Problem to solve: Further down are entries; set down exactly and only the lines from the one with "Flower parade White" up to and including the one with "Gina Bacconi - Deidre", dropping each picture.

*** Records for this task ***

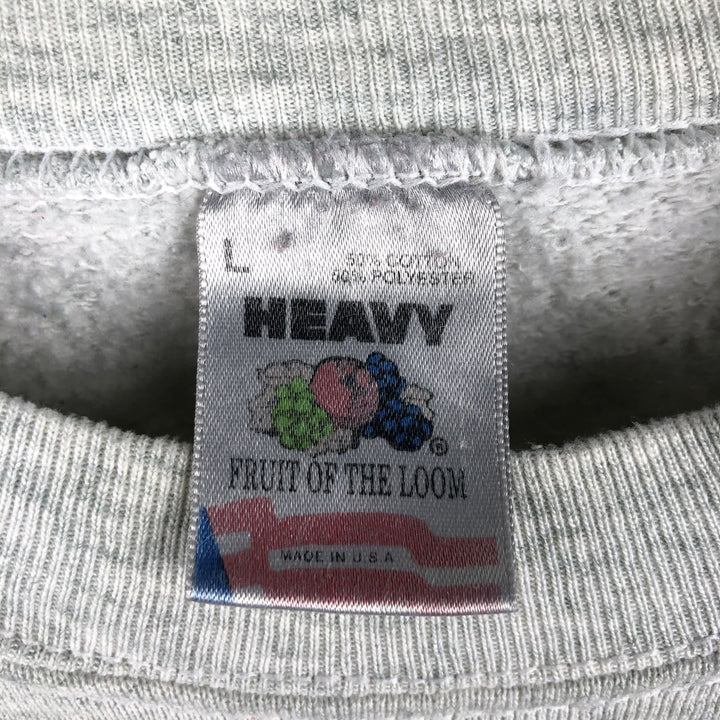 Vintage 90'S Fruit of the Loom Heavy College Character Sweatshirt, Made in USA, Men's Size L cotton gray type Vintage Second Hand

***
*** Records for this task ***

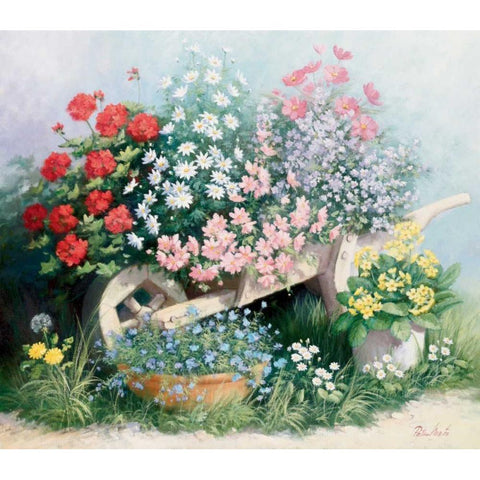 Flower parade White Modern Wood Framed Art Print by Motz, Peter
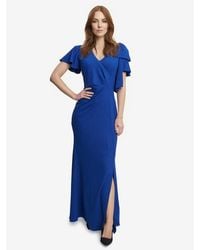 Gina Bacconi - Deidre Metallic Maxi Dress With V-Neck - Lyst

***
*** Records for this task ***

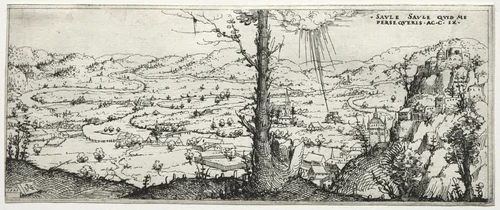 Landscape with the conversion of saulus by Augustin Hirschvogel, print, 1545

***

Exercise output:
 Flower parade White Modern Wood Framed Art Print by Motz, Peter
 Gina Bacconi - Deidre Metallic Maxi Dress With V-Neck - Lyst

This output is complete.